Short web captions
——————

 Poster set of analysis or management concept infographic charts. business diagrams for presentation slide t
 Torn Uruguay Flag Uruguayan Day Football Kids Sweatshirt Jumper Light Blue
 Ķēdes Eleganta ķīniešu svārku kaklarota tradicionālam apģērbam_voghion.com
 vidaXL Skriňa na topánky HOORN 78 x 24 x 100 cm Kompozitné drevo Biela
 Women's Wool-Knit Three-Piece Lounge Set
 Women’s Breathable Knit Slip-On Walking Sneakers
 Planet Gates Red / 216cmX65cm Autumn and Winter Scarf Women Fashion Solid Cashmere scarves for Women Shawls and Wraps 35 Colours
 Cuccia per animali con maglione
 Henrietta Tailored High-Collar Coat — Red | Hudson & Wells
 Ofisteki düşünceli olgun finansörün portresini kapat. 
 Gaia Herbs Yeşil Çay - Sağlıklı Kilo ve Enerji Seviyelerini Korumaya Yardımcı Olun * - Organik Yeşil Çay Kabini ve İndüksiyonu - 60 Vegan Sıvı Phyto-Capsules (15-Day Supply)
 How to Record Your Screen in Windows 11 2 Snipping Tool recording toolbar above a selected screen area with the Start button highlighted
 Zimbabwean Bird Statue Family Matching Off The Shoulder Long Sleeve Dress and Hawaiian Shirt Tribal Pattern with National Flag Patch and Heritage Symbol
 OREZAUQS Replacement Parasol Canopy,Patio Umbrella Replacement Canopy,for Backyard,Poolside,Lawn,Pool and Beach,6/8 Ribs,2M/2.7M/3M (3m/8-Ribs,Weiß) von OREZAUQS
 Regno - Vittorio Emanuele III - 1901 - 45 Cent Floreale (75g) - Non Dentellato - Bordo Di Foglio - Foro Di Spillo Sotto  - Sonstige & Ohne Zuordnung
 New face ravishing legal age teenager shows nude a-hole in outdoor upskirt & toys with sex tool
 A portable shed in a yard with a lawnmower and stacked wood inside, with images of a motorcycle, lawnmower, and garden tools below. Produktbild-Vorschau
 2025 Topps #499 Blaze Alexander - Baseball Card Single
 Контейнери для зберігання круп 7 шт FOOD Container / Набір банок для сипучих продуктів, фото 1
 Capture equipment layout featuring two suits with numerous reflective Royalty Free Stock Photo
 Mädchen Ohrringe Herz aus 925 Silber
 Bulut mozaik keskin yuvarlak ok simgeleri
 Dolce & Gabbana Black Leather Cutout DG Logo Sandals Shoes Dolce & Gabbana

——————

WHAT THE TASK ASKS:
Lines above that contain the string "Flag" make up the answer.

OUTPUT FOR THIS EXERCISE:
 Torn Uruguay Flag Uruguayan Day Football Kids Sweatshirt Jumper Light Blue
 Zimbabwean Bird Statue Family Matching Off The Shoulder Long Sleeve Dress and Hawaiian Shirt Tribal Pattern with National Flag Patch and Heritage Symbol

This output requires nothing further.